Work instruction — Please copy out the lines in the entries that contain "Adjustable".

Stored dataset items
----------

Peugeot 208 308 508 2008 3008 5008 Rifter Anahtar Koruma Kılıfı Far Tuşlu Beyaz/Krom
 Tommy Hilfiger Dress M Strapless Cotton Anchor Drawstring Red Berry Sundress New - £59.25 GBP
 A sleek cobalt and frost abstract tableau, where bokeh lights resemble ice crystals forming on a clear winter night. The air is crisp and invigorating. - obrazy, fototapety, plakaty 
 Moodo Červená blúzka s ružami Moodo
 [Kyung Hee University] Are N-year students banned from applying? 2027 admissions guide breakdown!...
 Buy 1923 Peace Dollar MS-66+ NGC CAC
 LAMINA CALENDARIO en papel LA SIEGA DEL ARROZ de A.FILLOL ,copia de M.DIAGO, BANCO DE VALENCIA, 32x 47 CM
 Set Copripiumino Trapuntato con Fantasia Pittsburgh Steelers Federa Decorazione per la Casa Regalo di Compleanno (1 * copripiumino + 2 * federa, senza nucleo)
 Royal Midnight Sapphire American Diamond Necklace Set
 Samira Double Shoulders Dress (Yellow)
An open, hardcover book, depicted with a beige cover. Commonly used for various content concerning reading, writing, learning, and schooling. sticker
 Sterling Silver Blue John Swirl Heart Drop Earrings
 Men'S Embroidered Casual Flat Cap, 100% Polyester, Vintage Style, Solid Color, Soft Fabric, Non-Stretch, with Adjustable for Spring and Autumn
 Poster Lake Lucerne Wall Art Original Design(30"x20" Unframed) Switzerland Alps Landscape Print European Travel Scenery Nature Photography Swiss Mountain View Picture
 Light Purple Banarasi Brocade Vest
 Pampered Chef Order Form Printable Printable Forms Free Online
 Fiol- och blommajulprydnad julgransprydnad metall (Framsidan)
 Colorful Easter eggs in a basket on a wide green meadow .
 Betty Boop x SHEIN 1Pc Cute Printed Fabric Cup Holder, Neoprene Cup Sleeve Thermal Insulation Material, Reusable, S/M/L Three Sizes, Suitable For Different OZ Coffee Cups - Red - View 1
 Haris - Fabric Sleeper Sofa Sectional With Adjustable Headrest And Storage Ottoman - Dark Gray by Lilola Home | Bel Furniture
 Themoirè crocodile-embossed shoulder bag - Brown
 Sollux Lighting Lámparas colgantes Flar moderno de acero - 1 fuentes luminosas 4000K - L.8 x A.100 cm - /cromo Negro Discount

----------

Exercise answer —
 Men'S Embroidered Casual Flat Cap, 100% Polyester, Vintage Style, Solid Color, Soft Fabric, Non-Stretch, with Adjustable for Spring and Autumn
 Haris - Fabric Sleeper Sofa Sectional With Adjustable Headrest And Storage Ottoman - Dark Gray by Lilola Home | Bel Furniture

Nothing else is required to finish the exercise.